Lettres de Joubert – 17 août 1796
Vérone, le 17 août 1796
… Je ne puis attribuer ce silence sur mes opérations qu’aux raisons qu’à le général Masséna de ne point faire connaître un événement où l’on verrait de sa faute. Nous étions en difficulté sur le poste de Corona: je prétendais que je pouvais être tourné par ma gauche; que nos forces n’y étaient point suffisantes; qu’il fallait, pour me soutenir, avancer la tête d’une autre brigade; je prétendais qu’une demi-brigade que j’avais eu ordre de placer sur ma droite pouvait être coupée sans que je pusse la secourir. Le chef de l’état-major vint pour juger ce différend qui intéressait l’armée, car Corona en était la clé. Il vit que j’avais raison, et il allait rectifier ma position; mais l’ennemi le prévint, et je fus attaqué avant le changement.
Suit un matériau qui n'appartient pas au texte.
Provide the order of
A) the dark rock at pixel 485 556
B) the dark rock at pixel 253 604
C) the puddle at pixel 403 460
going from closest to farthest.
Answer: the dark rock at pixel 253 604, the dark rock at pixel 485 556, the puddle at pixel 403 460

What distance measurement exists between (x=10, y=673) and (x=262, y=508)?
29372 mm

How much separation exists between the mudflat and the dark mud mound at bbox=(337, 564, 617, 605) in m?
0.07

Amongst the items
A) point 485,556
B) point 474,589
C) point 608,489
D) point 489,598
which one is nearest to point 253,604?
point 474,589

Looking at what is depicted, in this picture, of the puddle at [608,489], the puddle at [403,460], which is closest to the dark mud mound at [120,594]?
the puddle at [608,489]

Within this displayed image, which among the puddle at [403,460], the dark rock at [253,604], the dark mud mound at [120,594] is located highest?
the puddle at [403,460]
Tout ce que j’avais prévu est arrivé; c’était ce qu’on disait partout au quartier général; je n’ai donc aucune inquiétude là-dessus; mais Masséna n’a eu intèrêt de ne rendre compte de rien que pour ne pas faire parler davantage; et j’ai raison d’être fâché d’un silence qui fait tort non-seulement à moi, peu m’importerait, mais à toutes mes braves troupes et à des officiers qui se sont distingués. Piqué de voir ma brigade oubliée, j’ai profité de l’ordre du chef de l’état-major de faire un narré historique de mes opérations pour avouer franchement mon mécontentement.